Like those Nextdoor social media sites where your neighbors whine about the way things used to be, the Louisiana Legislature’s largely negative reaction has overshadowed news of an actual surplus after 15 mid-year deficits over a span of nine years.

Some have even called for a “What did he know/When did he know it?” investigation.

Democratic Gov. John Bel Edwards and his rivals among the House’s Republican majority have bickered over just how steep the fiscal cliff would be once one penny of the state’s five-cent sales tax expired on June 30. The administration pegged the shortfall in revenue collections somewhere north of $1 billion, at least at first. House Republicans saw a far smaller number.

Edwards feared that absent more revenues colleges would have to be cut, law enforcement’s pay reduced and health care for half the state’s population endangered. Republicans claimed taxpayers already paid too much in taxes and state government needed some measure of belt-tightening.

After months of name-calling, both sides agreed to fill a deficit of around $500 million. When all was said and done, they passed a 4.45 percent sales tax rate, rather than 4 cents per dollar, for the next seven years.

News of a surplus, while not exactly on point, supports House Republican contentions that the Democratic governor exaggerated the deficit to get a bigger tax passed than Republicans otherwise would have accepted.

House Appropriations Committee Chair Cameron Henry, R-Metairie, wants to know if Edwards knew of the surplus prior to the Legislature approving a higher sales tax rate because that probably would have changed the outcome. "We will have to make sure the numbers weren't being artificially skewed to raise taxes," he told

Republican state Sen. Conrad Appel of Metairie credits either ineptness or nefariousness for “this sudden revelation.” “Perhaps to support his well-articulated plan to grow government spending, he chose to ignore the facts and to not tell us that there was no fiscal cliff. That would not just be bad, that to me would be disingenuous and possibly even a violation of his oath of office,” Appel wrote in a column for The Hayride, a conservative blog site.

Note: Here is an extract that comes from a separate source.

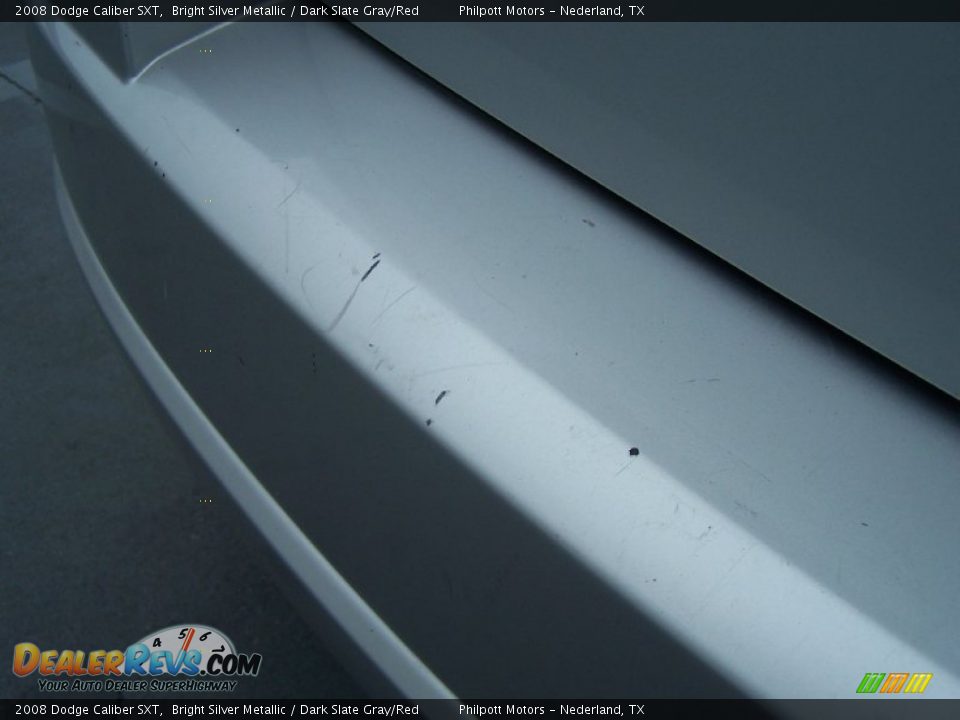 2008 Dodge Caliber SXT Bright Silver Metallic / Dark Slate Gray/Red Photo #22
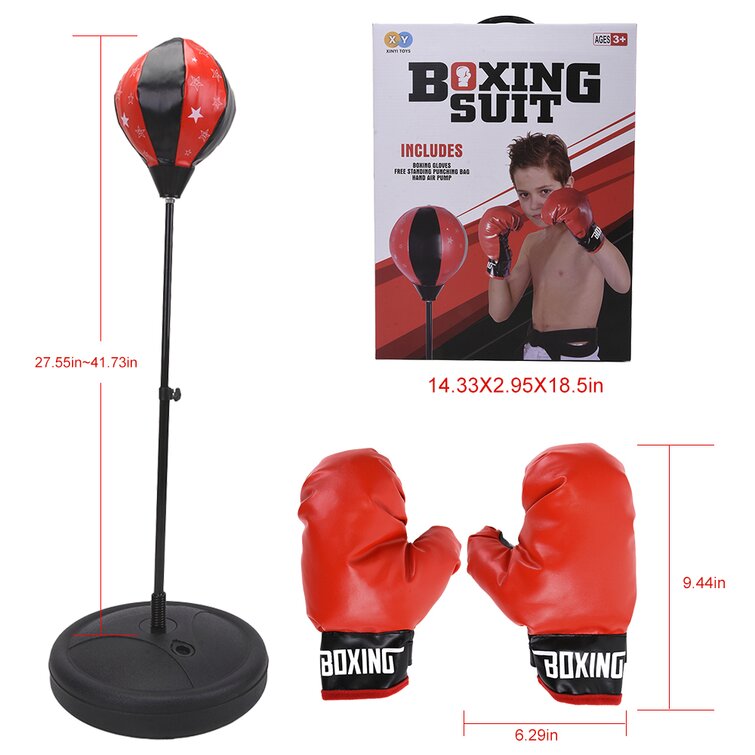 Last Punch Pro Sports Boxing Training Punching Double-end Speed Ball All Red for sale online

Commissioner of Administration Jay Dardenne dismissed the critics with what he calls the three “I’s”. “It is ignorance, irresponsibility or intent and I don’t think they’re ignorant,” Dardenne said.

To be fair, the budget must be crafted to meet a number the Revenue Estimating Conference has fixed as official. In this year’s case, the numbers called for either draconian cuts or a tax increase to balance spending with expected revenues.

The exact amount of the surplus won’t be known until next month, but it was about $300 million when the books were closed on the budget year that ended June 30. The new 4.45 percent sales tax went into effect on July 1.

The governor said the surplus came from better-than-expected personal income tax collections and is a sign that Louisiana’s economy is improving.

State law requires that 10 percent of the surplus goes to pay down debt for future pensions for current state employees, which are now about $20 billion. The next 25 percent goes into the “rainy day” fund that the state can use to cover bills when the economy is slow. That leaves about $195 million, and state law restricts how it can be spent. Once upon a time, that money could be used to pay this year’s bills, like insurance and salaries, that will recur next year. Now, the money can only make one-time payments.

Regardless of how they feel about the money’s origins, everybody has ideas on how it ought to be spent.

Both Edwards and House Speaker Taylor Barras want to see the money used to tackle big problems, rather than splintered to address small ones. But after that, they head off in different directions.

Tailored and soft-spoken Barras gives off the responsible aura of small-town banker, which he is. The New Iberia Republican says the money should be used to pay down existing debts.

The governor would like to see the money flowing into construction projects that address some of the $14 billion highway and bridge backlog or to help colleges chip away at $4 billion in deferred maintenance. A one-time infusion could keep the state from having to take out loans to accomplish the project.

Both are laudable uses of found dollars. But 2019 is an election year, so don’t be surprised if a lot of the extra money goes into projects in legislators' districts.